#### [BRIEF]
Write down exactly the lines of the records below, beginning with the first and ending with the line that includes "Ford Fob Case Replacement".

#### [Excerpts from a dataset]

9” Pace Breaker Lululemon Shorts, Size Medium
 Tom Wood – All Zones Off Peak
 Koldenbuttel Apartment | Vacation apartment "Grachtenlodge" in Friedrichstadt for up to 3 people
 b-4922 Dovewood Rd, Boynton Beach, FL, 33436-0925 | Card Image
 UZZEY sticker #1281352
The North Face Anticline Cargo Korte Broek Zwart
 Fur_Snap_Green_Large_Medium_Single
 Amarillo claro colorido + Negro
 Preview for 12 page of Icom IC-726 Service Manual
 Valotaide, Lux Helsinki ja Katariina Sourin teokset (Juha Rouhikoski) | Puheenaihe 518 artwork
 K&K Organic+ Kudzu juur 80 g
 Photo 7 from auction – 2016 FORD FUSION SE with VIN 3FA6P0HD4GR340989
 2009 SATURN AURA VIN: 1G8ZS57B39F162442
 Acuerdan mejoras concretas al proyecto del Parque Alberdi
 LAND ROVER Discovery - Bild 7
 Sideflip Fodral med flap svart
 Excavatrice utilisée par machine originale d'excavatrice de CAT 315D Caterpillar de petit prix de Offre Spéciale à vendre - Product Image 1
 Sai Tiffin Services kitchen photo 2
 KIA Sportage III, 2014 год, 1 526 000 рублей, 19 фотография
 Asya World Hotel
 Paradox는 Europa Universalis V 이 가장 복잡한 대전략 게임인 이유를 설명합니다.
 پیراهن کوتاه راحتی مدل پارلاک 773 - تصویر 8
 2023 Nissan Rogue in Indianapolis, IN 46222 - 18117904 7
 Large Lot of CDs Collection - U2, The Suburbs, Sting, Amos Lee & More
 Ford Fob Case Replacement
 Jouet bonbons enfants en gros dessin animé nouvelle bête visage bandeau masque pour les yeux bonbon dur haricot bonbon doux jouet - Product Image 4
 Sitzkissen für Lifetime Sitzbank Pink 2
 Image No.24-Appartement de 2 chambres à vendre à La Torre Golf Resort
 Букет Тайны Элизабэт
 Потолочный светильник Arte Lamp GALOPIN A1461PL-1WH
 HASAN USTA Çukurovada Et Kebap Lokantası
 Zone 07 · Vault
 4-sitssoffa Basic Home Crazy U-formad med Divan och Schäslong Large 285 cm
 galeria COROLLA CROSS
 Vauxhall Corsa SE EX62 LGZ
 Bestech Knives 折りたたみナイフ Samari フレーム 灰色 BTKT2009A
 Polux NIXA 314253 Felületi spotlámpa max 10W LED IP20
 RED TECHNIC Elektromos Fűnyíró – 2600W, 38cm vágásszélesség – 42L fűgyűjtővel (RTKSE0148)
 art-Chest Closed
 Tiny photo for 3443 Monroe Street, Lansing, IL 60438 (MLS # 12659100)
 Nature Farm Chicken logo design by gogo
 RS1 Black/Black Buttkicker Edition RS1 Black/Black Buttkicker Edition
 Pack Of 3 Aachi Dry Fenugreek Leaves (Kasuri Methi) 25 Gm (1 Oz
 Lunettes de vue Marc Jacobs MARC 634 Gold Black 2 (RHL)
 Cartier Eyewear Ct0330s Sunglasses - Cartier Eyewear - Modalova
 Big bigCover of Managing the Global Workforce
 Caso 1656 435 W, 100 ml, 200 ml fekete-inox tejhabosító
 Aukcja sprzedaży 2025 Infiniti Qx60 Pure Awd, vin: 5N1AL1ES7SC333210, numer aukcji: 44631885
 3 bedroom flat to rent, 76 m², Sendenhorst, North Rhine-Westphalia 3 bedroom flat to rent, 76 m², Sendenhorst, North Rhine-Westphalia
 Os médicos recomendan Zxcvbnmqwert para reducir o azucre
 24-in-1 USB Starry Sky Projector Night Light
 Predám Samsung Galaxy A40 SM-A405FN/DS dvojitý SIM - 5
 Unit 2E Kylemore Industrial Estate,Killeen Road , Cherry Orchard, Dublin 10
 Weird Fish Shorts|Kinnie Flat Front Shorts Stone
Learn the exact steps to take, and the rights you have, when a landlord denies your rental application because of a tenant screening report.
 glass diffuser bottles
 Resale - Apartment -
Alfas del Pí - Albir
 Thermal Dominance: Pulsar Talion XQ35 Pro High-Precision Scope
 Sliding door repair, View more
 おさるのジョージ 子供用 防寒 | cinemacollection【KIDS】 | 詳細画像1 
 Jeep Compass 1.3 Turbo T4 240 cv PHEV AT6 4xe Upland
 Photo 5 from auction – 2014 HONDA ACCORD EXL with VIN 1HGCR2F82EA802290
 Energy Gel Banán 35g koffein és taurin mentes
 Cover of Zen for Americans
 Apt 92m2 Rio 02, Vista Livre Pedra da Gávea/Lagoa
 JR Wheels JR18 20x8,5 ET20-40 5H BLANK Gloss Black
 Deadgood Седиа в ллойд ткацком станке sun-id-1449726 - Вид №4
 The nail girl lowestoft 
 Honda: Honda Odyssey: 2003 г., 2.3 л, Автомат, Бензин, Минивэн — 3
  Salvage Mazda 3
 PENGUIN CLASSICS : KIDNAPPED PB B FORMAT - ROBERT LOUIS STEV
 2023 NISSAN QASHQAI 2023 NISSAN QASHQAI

#### [OUTPUT]
9” Pace Breaker Lululemon Shorts, Size Medium
 Tom Wood – All Zones Off Peak
 Koldenbuttel Apartment | Vacation apartment "Grachtenlodge" in Friedrichstadt for up to 3 people
 b-4922 Dovewood Rd, Boynton Beach, FL, 33436-0925 | Card Image
 UZZEY sticker #1281352
The North Face Anticline Cargo Korte Broek Zwart
 Fur_Snap_Green_Large_Medium_Single
 Amarillo claro colorido + Negro
 Preview for 12 page of Icom IC-726 Service Manual
 Valotaide, Lux Helsinki ja Katariina Sourin teokset (Juha Rouhikoski) | Puheenaihe 518 artwork
 K&K Organic+ Kudzu juur 80 g
 Photo 7 from auction – 2016 FORD FUSION SE with VIN 3FA6P0HD4GR340989
 2009 SATURN AURA VIN: 1G8ZS57B39F162442
 Acuerdan mejoras concretas al proyecto del Parque Alberdi
 LAND ROVER Discovery - Bild 7
 Sideflip Fodral med flap svart
 Excavatrice utilisée par machine originale d'excavatrice de CAT 315D Caterpillar de petit prix de Offre Spéciale à vendre - Product Image 1
 Sai Tiffin Services kitchen photo 2
 KIA Sportage III, 2014 год, 1 526 000 рублей, 19 фотография
 Asya World Hotel
 Paradox는 Europa Universalis V 이 가장 복잡한 대전략 게임인 이유를 설명합니다.
 پیراهن کوتاه راحتی مدل پارلاک 773 - تصویر 8
 2023 Nissan Rogue in Indianapolis, IN 46222 - 18117904 7
 Large Lot of CDs Collection - U2, The Suburbs, Sting, Amos Lee & More
 Ford Fob Case Replacement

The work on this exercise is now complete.